Available until: Unknown
Monolog 4 is the fourth year in which Chickenshed Theatre has produced a series of monologues. Usually, this takes place in a theatre. Monologue 4 also takes place in a theatre but I am assuming there is no audience. But while theatres are restricted in what they can do, many people have more time on their hands to write and more monologues were submitted for Monologue 4 than in previous years.
Eight monologues were eventually chosen – four in Group A and four in Group B - but one of those planned for Group A, Just Imagine, is not currently available to view. Chickenshed hope to make it available in the future but for now we still have three new monologues to enjoy.
In Gin Sisters, Yvonne is preparing for her daughter Emily’s wedding. She’s not looking forward to seeing her horrible ex-husband Daniel with his twenty-two year old Swedish girlfriend.

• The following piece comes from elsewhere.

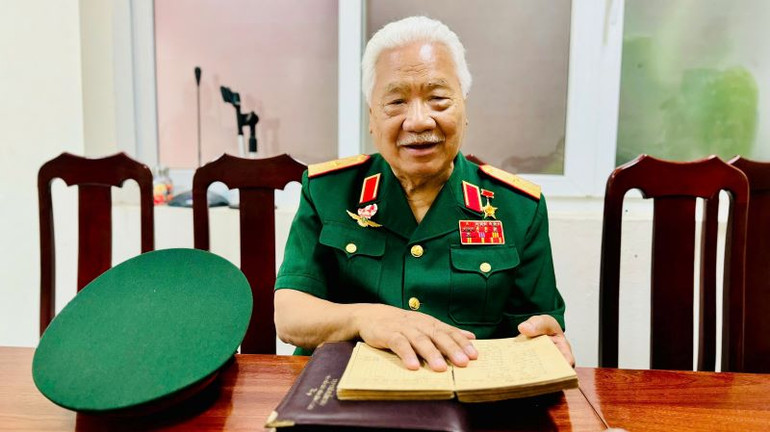 Thiếu tướng Nguyễn Đăng Kính và cuốn sổ nhật ký bay luôn cầm bên người. (Ảnh: HNV)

But weddings are a time when family gets together and that means secrets are going to come out. Cathy Jansen-Ridings’ monologue is comprised of phone conversations between Yvonne and the various people in her life and Yvonne’s thoughts, spoken aloud. Performer Belinda McGuirk finds both the humour and the humanity in Yvonne’s painful situation. Director Arden Ridings sets the play up in Yvonne’s living room with chairs, tables, a phone and space to move around in, with Yvonne’s placing on the stage area determined by whether she needs the comfort of a chair or the space to emote. Gin Sisters doesn’t really cover any original ground but it feels very real and we’re in the interesting position of only really knowing Yvonne’s side of the story.
In Neighbourhood Watch, a guy comes home from his run and talks about the people he encounters in his life, including a fairly new neighbour. Writers Matthew Patenall and Gill Patenall have created a really interesting monologue that looks at the dangers of making judgements and questions whether doing the ‘right’ thing is always the ‘best’ thing. Director Alexandre Murtinheira starts off by focusing on the comic side of the character. Then when things get serious in the second half, there’s a subtle but powerful switch in mood. Performer Adam Cross does make his character seem like a total idiot but he might just surprise you and win himself some sympathy at the end. It’s clever because we find ourselves caught up in the dilemma along with the character. It’s difficult not to watch this without thinking about what you would do – and realising it’s not at all easy.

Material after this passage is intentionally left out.